So far, Burney's team has published results from only the first two years of the project. In her initial study, households with pumps increased their vegetable consumption by 3–5 servings per person per day (where one serving is approximately 150 g). These families were also less likely to feel chronically food insecure4. In the long term, she says, “families with the pumps are using increased income to buy more food, and to invest in assets like livestock and school fees.” The programme has been expanded to 10 villages in Benin.

Alternatives to solar-powered pumps include hand pumps and diesel-powered pumps, which provide similar benefits at a lower cost. However, both have their drawbacks: hand-pumps are extremely labour intensive, and the diesel ones require continued access to, and spending on, fuel, says Burney. But no matter how these systems are powered, rural farmers who live on less than $1 a day cannot afford to pay the upfront costs of irrigation systems, and need access to the financial system in the form of microloans to support these investments.

Reducing use

More complex technologies may help in parts of the world where water use faces a rather different problem. In the midwestern United States, climate change is regarded less as a scientific issue than a political one. The region suffered a drought in 2012 that some climatologists saw as a preview of what might be coming with climate change. The Ogallala Aquifer, which underlies eight states in the region, is heavily used. Unless demands on the aquifer change, its southern extension, under northern Texas, may dry up in just 30 years, says Famiglietti. Here, economic pressures promote the overuse of water, and irrigation engineers hope to make a difference by arming farmers with data.
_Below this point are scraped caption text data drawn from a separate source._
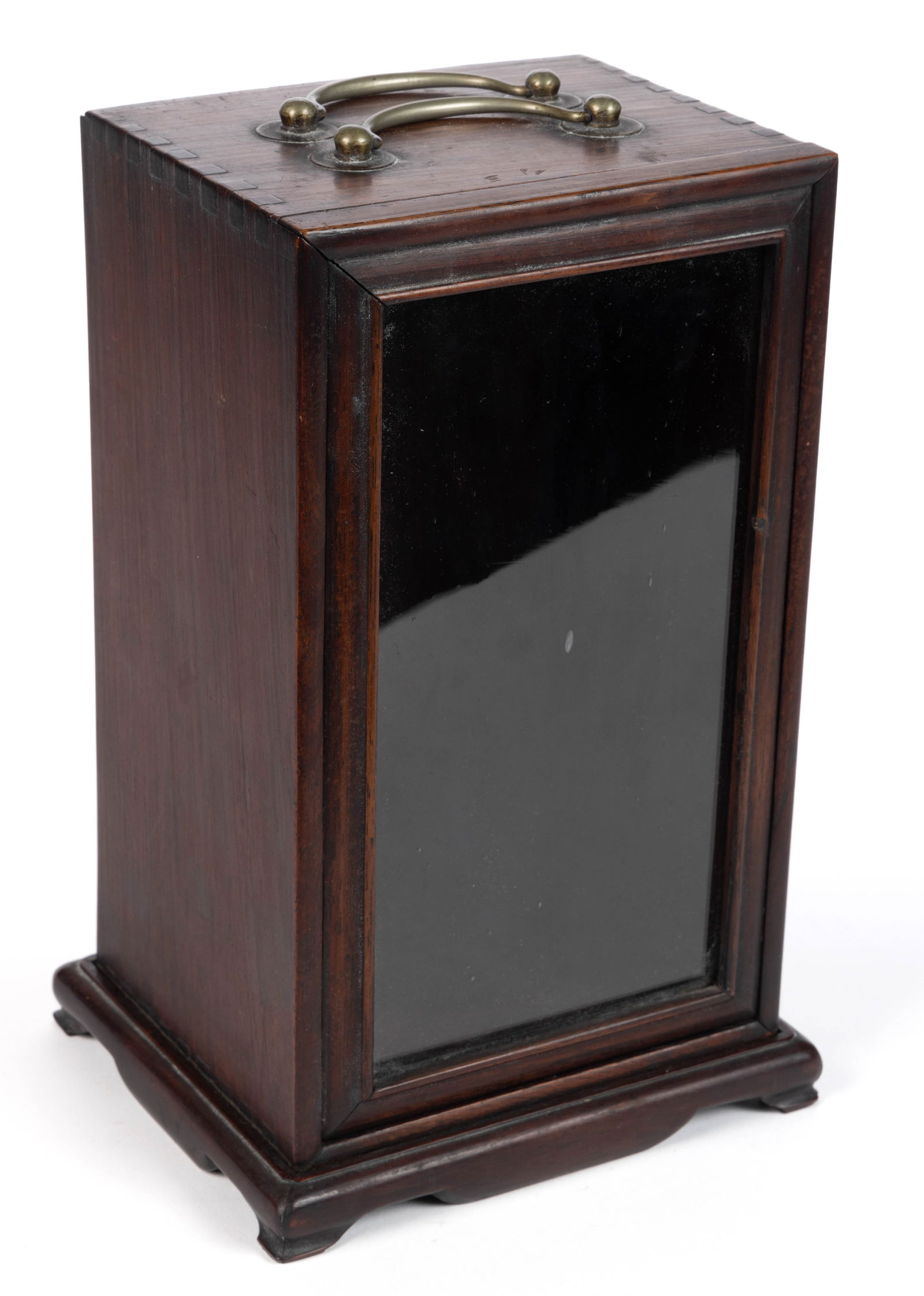 CHINESE EXPORT ROSEWOOD DIMINUTIVE DISPLAY CASE (1 of 3)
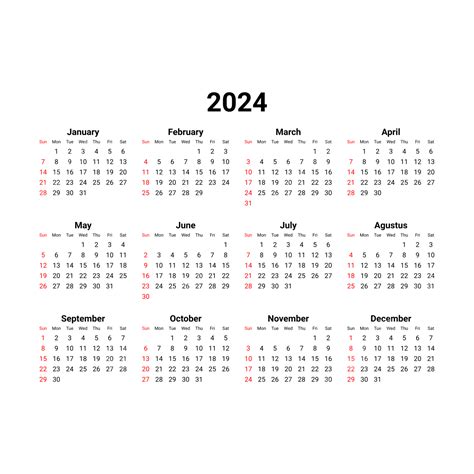 Windows Desktop Calendar 2024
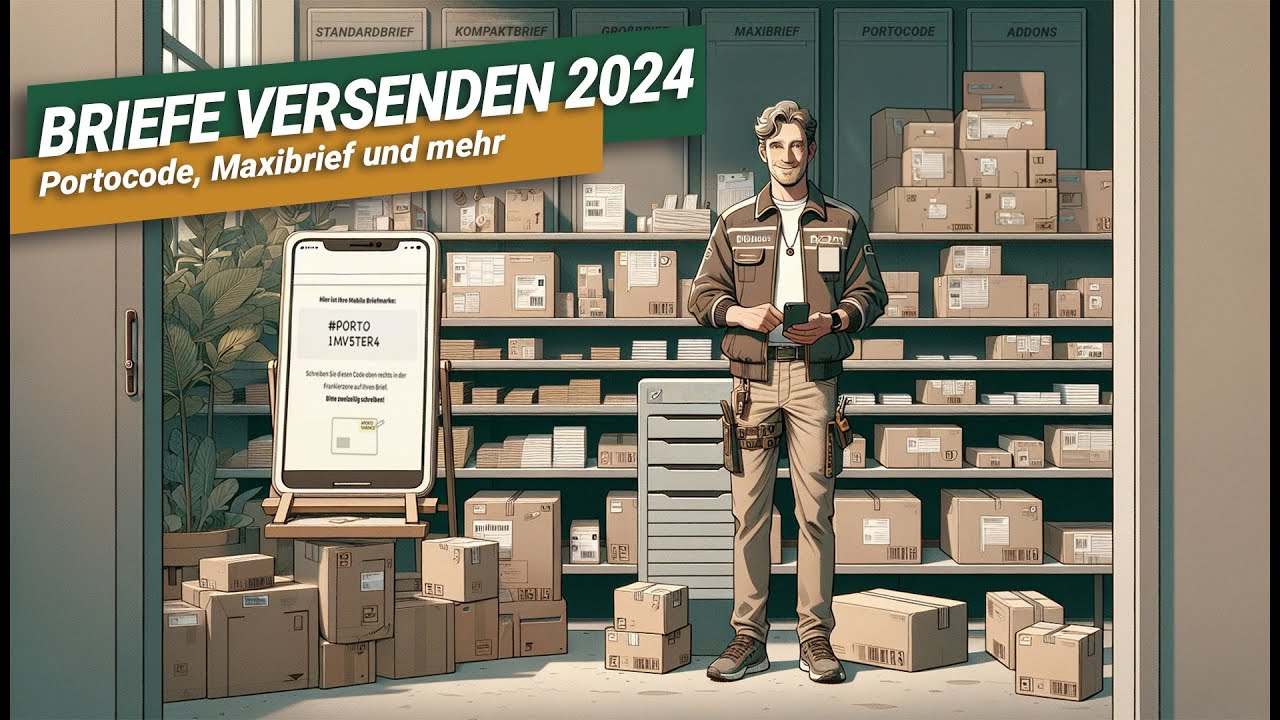 Briefe versenden in 2024: So gehts! Portocode, Maxibrief und mehr.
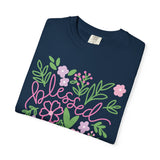 Blessed Floral T-Shirt — Pastel Flower Graphic Tee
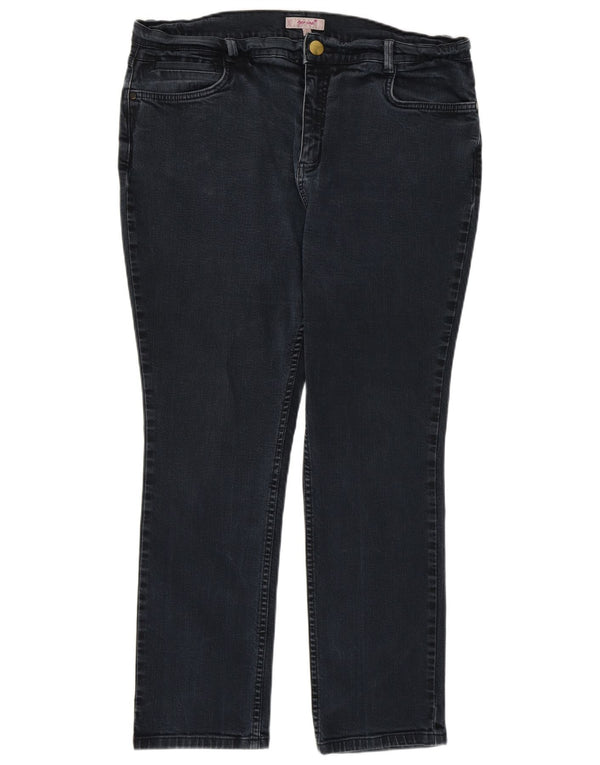 Marks & Spencer Dame Per Una Slim Jeans UK 18 XL W36 L26 Marineblå Bomuld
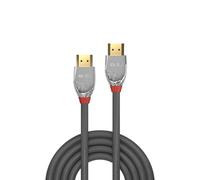 LINDY 0.5m High Speed HDMI Cable, Cromo Line, Grey, 37870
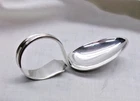 FAIRFAX ORNATE STERLING SILVER CURVED HANDLE BABY SPOON-1910 DURGIN/GORHAM FINE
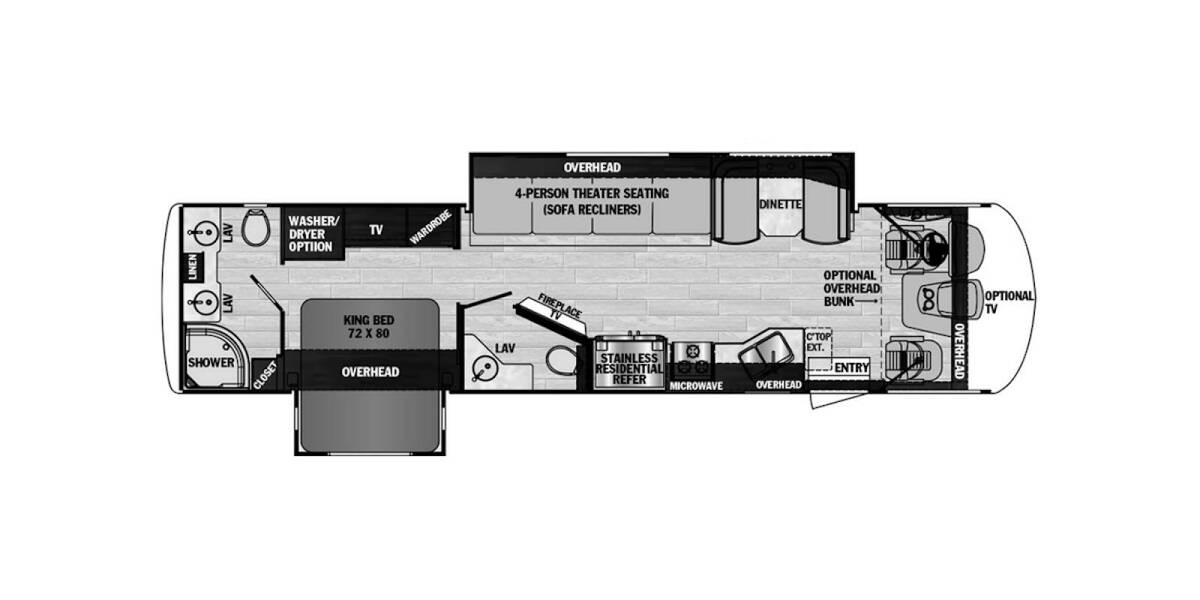 2019 Georgetown XL Ford F-53 369DS Class A at Luxury RV's of Arizona STOCK# U808 Floor plan Layout Photo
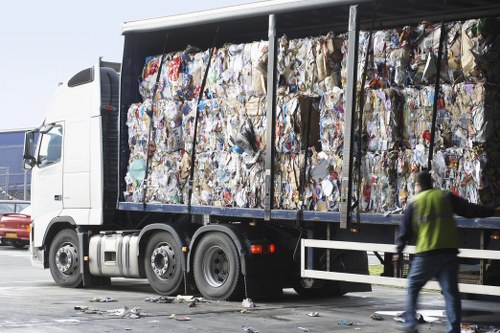 Recycling and disposal services during house clearance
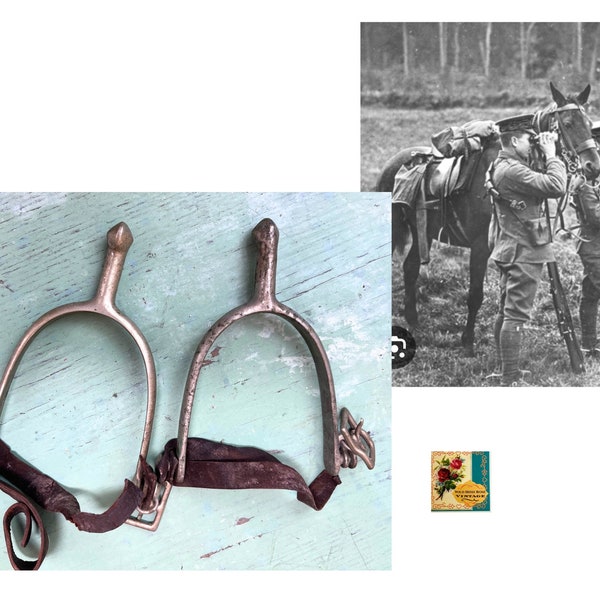 World War 1 US Cavalry Spurs WW1 US AB Military Riding Spurs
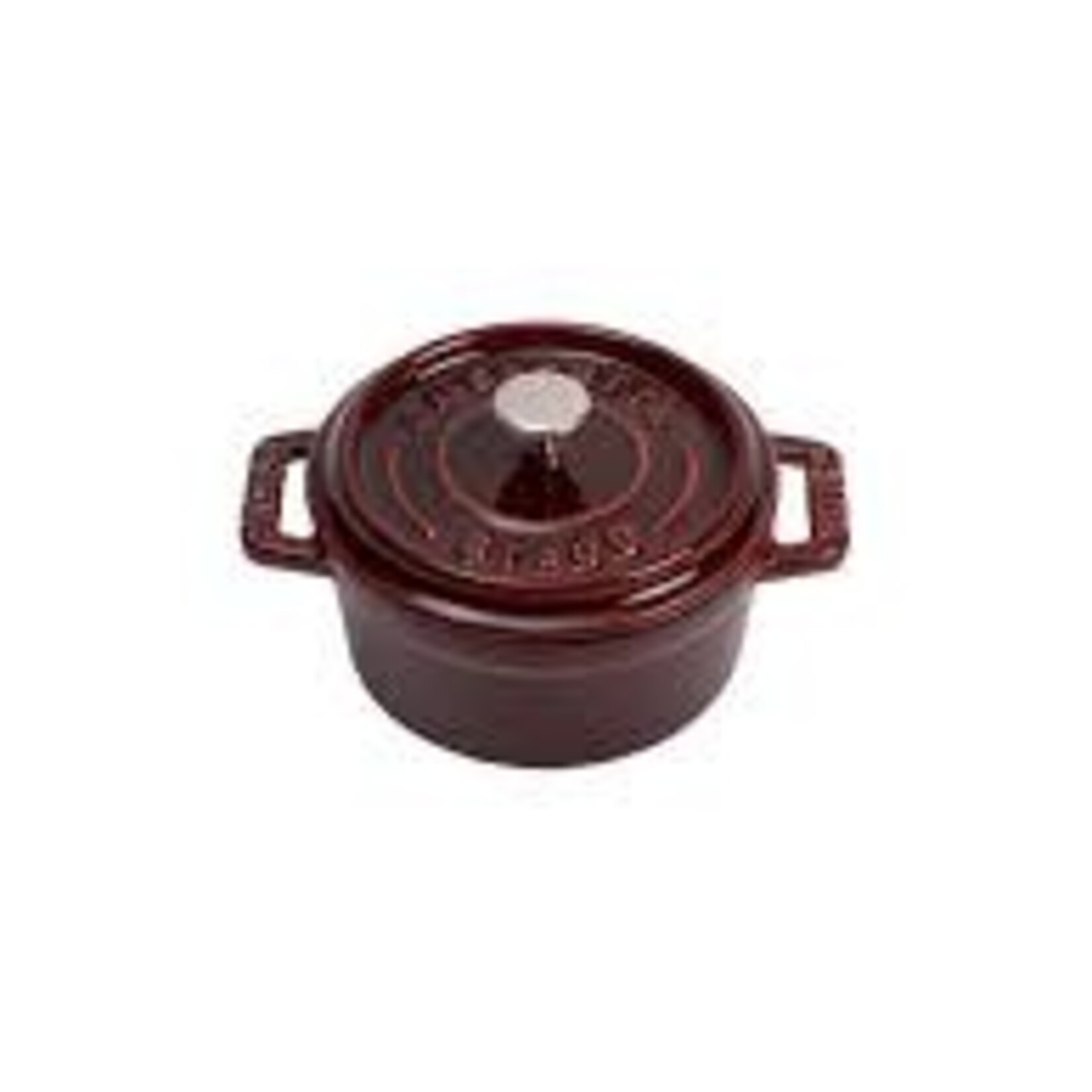 Staub 0.25-qt Mini Round Dutch Oven - Grenadine | Staub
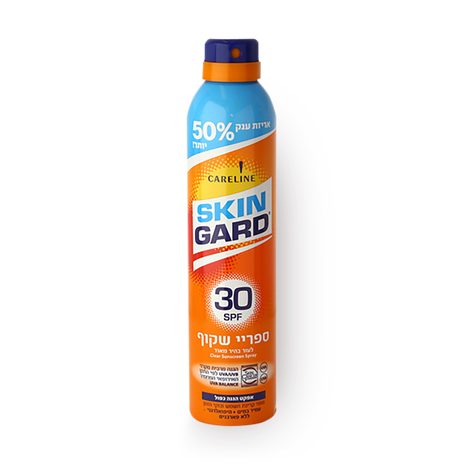 Skingard Sunscreen clear facial Spray 30SPF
It can be difficult for farmers to decide how much to irrigate. Pumping is not expensive, and this can lead to over-watering, says Freddie Lamm, an irrigation engineer at Kansas State University in Colby. It costs $10 to pump each additional centimetre of water onto a hectare of corn, says Lamm. Additional irrigation can improve yields and boost profits, and there's little disincentive to putting down a bit too much water. So farmers often do, just to make sure there's enough.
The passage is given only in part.